Jumat, 08 April 2011

Diskursus Poligami Wacana Facebookers : Proposal Penelitian

Oleh : Muhammad Ilham (dkk.)

Dalam konteks sosiologi-komunikasi, jejaring sosial internet merupakan salah satu media komunikasi yang juga dapat dijadikan sebagai media komunikasi sosial bagi masyarakat.[1]. Komunikasi sosial merupakan suatu kegiatan komunikasi yang lebih diarahkan kepada pencapaian suatu integrasi sosial. Melalui komunikasi sosial terjadilah aktualisasi dari masalah-masalah yang dibahas. Selain itu kesadaran dan pengetahuan tentang materi yang dibahas makin meluas dan bertambah.
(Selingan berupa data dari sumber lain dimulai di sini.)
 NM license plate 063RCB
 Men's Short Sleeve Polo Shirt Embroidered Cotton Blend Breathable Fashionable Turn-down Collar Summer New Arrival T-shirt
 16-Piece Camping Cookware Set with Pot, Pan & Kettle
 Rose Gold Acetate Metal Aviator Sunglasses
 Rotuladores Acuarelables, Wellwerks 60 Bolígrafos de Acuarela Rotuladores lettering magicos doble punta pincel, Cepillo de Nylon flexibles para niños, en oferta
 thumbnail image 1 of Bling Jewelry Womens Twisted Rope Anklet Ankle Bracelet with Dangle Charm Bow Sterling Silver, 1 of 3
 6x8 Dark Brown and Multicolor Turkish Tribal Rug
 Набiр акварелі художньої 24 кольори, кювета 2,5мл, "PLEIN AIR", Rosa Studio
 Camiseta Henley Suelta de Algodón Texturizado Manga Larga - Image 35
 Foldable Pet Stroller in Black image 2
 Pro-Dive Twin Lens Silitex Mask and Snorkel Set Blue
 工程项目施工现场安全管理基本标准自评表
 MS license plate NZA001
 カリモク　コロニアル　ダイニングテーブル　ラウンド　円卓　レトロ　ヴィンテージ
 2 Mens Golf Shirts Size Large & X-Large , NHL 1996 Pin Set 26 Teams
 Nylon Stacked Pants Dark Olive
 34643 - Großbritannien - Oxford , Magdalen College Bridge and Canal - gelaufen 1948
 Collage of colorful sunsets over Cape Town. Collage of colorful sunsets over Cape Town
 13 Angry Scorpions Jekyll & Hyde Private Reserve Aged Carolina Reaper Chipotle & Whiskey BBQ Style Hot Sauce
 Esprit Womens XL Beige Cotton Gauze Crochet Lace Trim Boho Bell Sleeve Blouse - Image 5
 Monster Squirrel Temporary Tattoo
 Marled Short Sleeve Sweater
Komunikasi sosial adalah sekaligus suatu proses sosialisasi. Melalui komunikasi sosial dicapailah suatu stabilitas sosial, tertib sosial, penerusan nilai-nilai lama dan baru yang diagungkan oleh masyarakat.[3] Dalam konteks ini, maka melalui komunikasi sosial, kesadaran bermasyarakat dipupuk, dibina dan diperluas. Kesadaran tentang berbagai hal dan beragam isu yang terjadi dalam proses relasi ataupun interaksi sosial yang berlangsung ditengah-tengah masyarakat. Penggunaan Facebook sangat terkait sekali dalam komunikasi sosial, dimana dalam hal ini Facebook digunakan sebagai media interaksi dalam berkomunikasi. Facebook merupakan salah satu social software (software sosial) yang banyak dinikmati oleh berbagai kalangan, lintas spasial maupun lintas usia, baik kalangan muda maupun kalangan tua saat ini.[4]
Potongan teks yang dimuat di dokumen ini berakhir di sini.